Einsam in der Kantine

Möglichkeiten des Widerstands von anton landgraf

Die Frage beschäftigte lange Zeit bestenfalls kleine Theoriezirkel: Wie lässt sich eine massenhafte Kritik an den Arbeitsverhältnissen organisieren? Tatsächlich stehen wir vor einem paradoxen Problem. Die Bedingungen gleichen sich an, doch jeder nimmt sie für sich anders wahr. Selbst ein Ort kollektiver Debatten ist kaum mehr zu finden. Der Fabrikhof, die Kantine, selbst die Großküche im besetzten Haus sind längst Treffpunkte einer verschwindenden Minderheit.

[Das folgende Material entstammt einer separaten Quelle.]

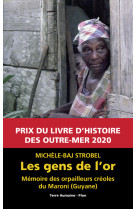 Les gens de l'or - Mémoire des orpailleurs créoles du Maroni (Guyane)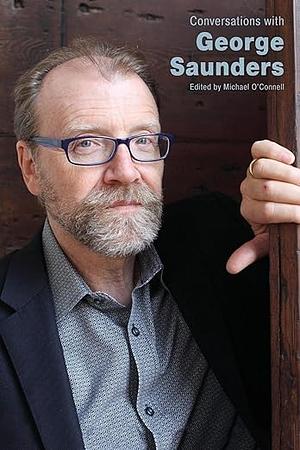 Conversations with George Saunders by Michael O'Connell
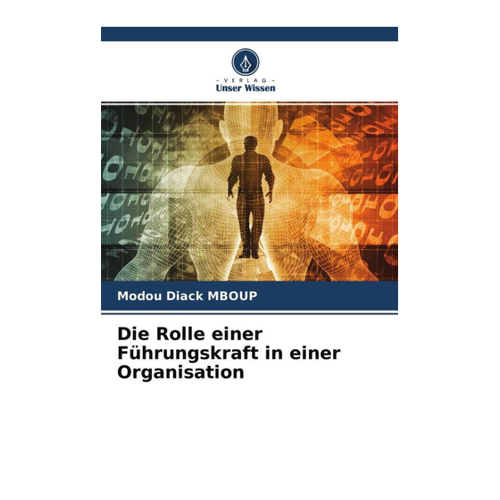 Bild von Die Rolle einer Führungskraft in einer Organisation von Modou Diack Mboup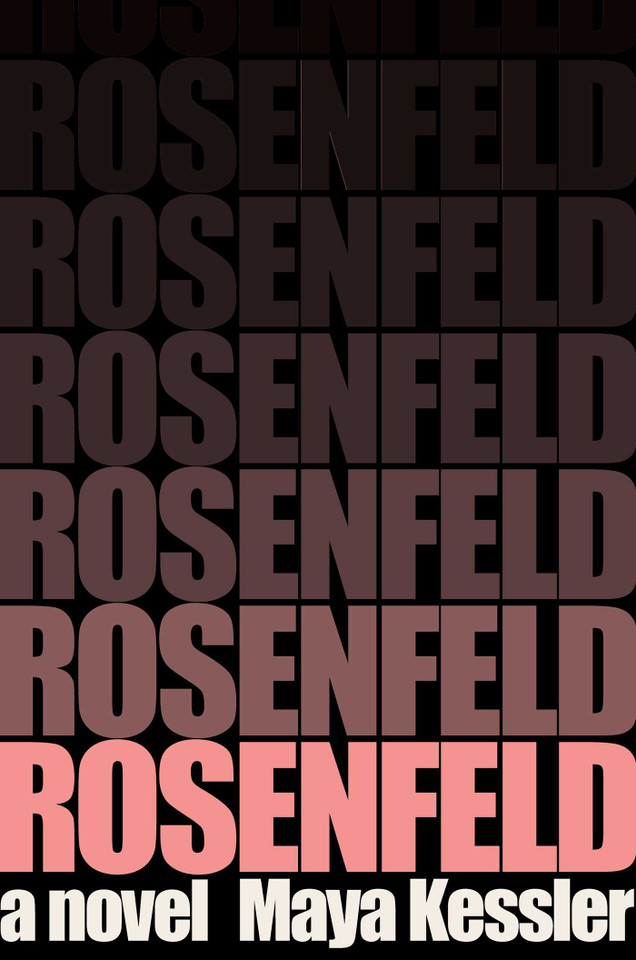 Rosenfeld: A Novel book cover by Maya Kessler
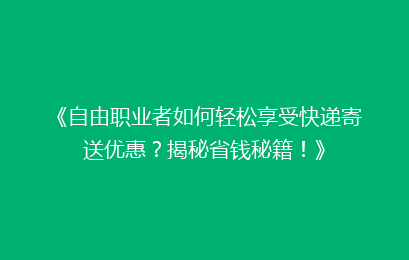 《自由职业者如何轻松享受快递寄送优惠？揭秘省钱秘籍！》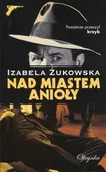 Klasyka - Nad miastem anioły - Izabela Żukowska - miniaturka - grafika 1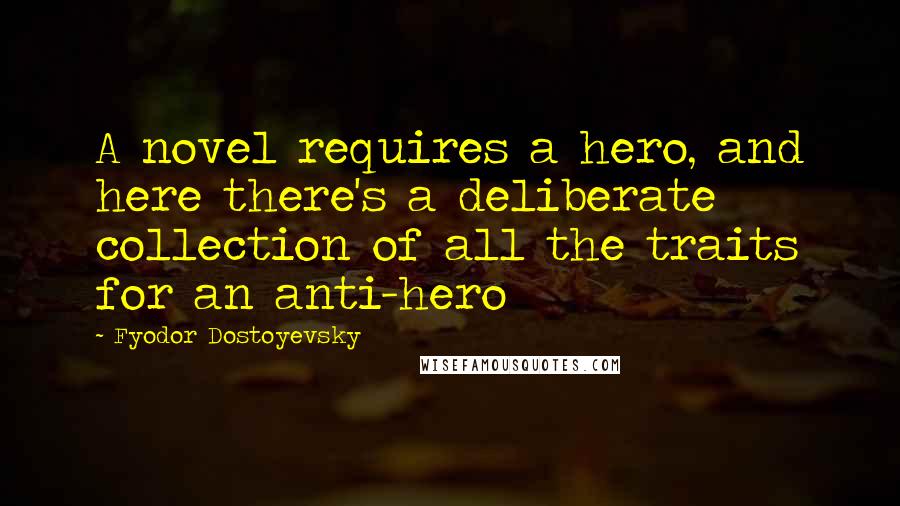 Fyodor Dostoyevsky Quotes: A novel requires a hero, and here there's a deliberate collection of all the traits for an anti-hero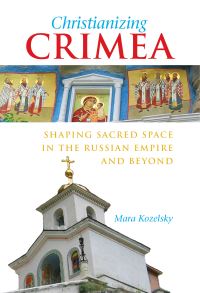 Book Cover for Christianizing Crimea by Mara Kozelsky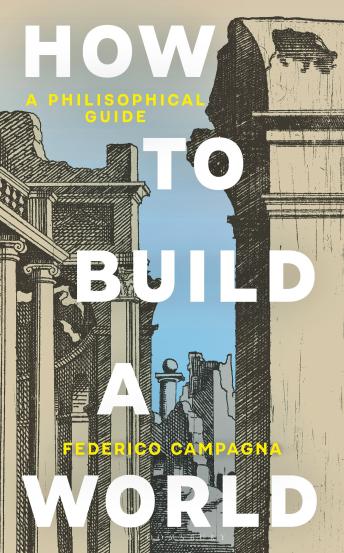 How To Build a World: A Philosophical Guide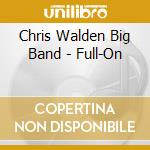 Chris Walden Big Band - Full-On cd musicale di Chris Walden Big Band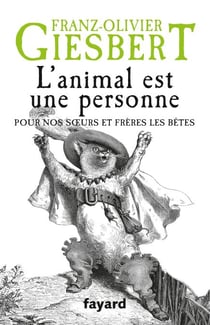 L'animal est une personne - Pour nos soeurs et frères les bêtes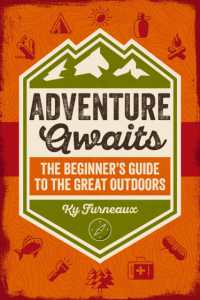 Adventure Awaits : The Beginner's Guide to the Great Outdoors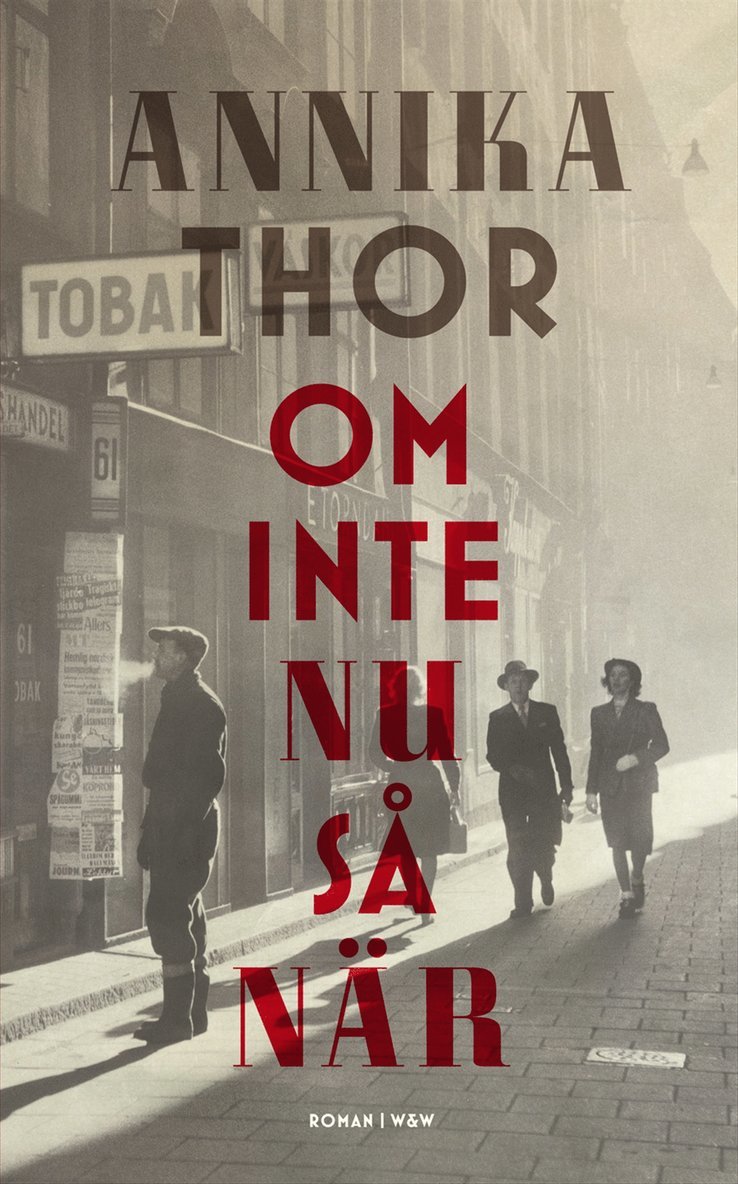 Annika Thor - Om inte nu så när, E-bok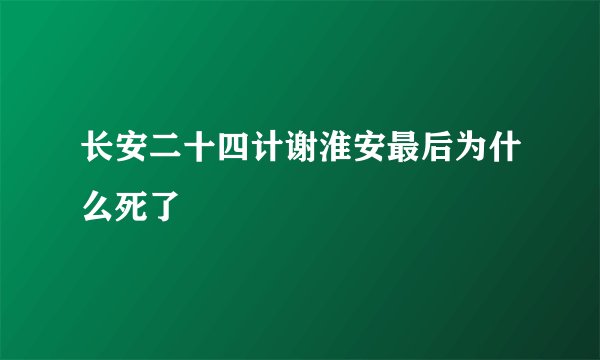 长安二十四计谢淮安最后为什么死了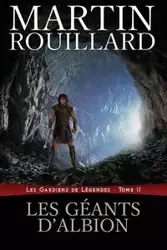Les géants d'Albion - Martin Rouillard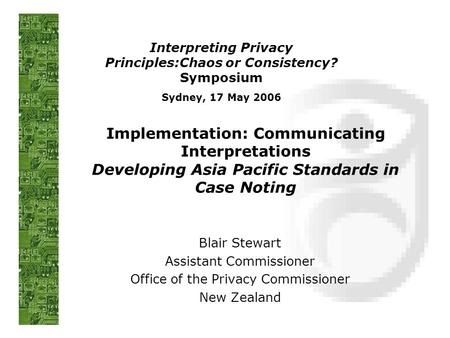 Implementation: Communicating Interpretations Developing Asia Pacific Standards in Case Noting Blair Stewart Assistant Commissioner Office of the Privacy.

Die Wut über die prekären Zustände ist so individualisiert wie die Verhältnisse. Und paradoxer Weise hat die Kritik an den Arbeitsverhältnissen zu diesem Zustand beigetragen. Die heutige Misere ist ohne die Rebellion gegen die fordistische Arbeitsgesellschaft, die in den sechziger Jahren begann, kaum zu verstehen. Sie kritisierte den Produktionsprozess, den monotonen Takt von der Schule bis zum Fließband. Gegen die regulierte Alltagswelt entwickelte sie eine Subkultur, die mit eigenen Codes und autonomen Strukturen eine so genannte Gegenkultur etablierte.

Die Rebellion war auf eine groteske Weise erfolgreich. Die Kritik an den regulierten Arbeitsverhältnissen entpuppte sich als Motor für eine beschleunigte kapitalistische Entwicklung. Selbstverwaltete Betriebe wurden zum Prototyp der deregulierten Produktion, aus ehemaligen Rebellen wurden kreative Unternehmer. Norditalien, wo die Kämpfe gegen die Fabrikgesellschaft besonders heftig geführt wurden, gehört heute zu den produktivsten Regionen in Europa. Die Produktion läuft in Tausenden von selbständigen Kleinbetrieben, die perfekt vernetzt sind, wie es modellhaft die Firma Benetton praktiziert.

Aus den leitenden Angestellten formierte sich eine Schicht von »Luxusprekären« vor allem in der Kommunikationsbranche. Und aus der ehemaligen Fabrikarbeiterschaft rekrutierte sich das prekäre Proletariat der Dienstleistungsgesellschaft, von den ausgelagerten Abteilungen großer Unternehmen bis zu den Formen moderner Sklaverei als Leiharbeiter.

Während sich die einzelnen Zellen der Arbeitsgesellschaft differenzieren, wird der soziale Aufstieg schwieriger, der freie Fall nach unten jedoch leicht gemacht. Es wird mehr gerackert und weniger verdient. Und die Bereitschaft zur individuellen Identifikation wächst. Nur wer bereit ist, das eigene Leben nach betriebswirtschaftlichen Kriterien zu organisieren, hat die Chance, zu den »produktiven Elementen« der Gesellschaft zu gehören.

Noch gibt es keine Antwort auf diese Entwicklung. Selbst die fortschrittlichste Bewegung, die französischen Intermittents, verdanken ihre Stärke einem fordistischen Relikt. Sie kritisieren zu Recht, dass die völlige Identifikation der Kulturbeschäftigten mit ihrer Arbeit eine Ausbeutung schafft, die bis in die letzten Winkel ihres Lebens eindringt und damit eine Intensität der Wertschöpfung ermöglicht, die früher nicht denkbar war. Ihre gemeinsamen Forderungen finden sie jedoch in der Verteidigung sozialstaatlicher Garantien aus der fordistischen Ära.

Auch wenn ihre Ziele noch defensiv sind, ist ihre Kritik auf der Höhe der Zeit. Sie zeigt, was bereits heute möglich ist: eine Verweigerung von Identitäten, die nur die Hierarchie des Elends reproduzieren.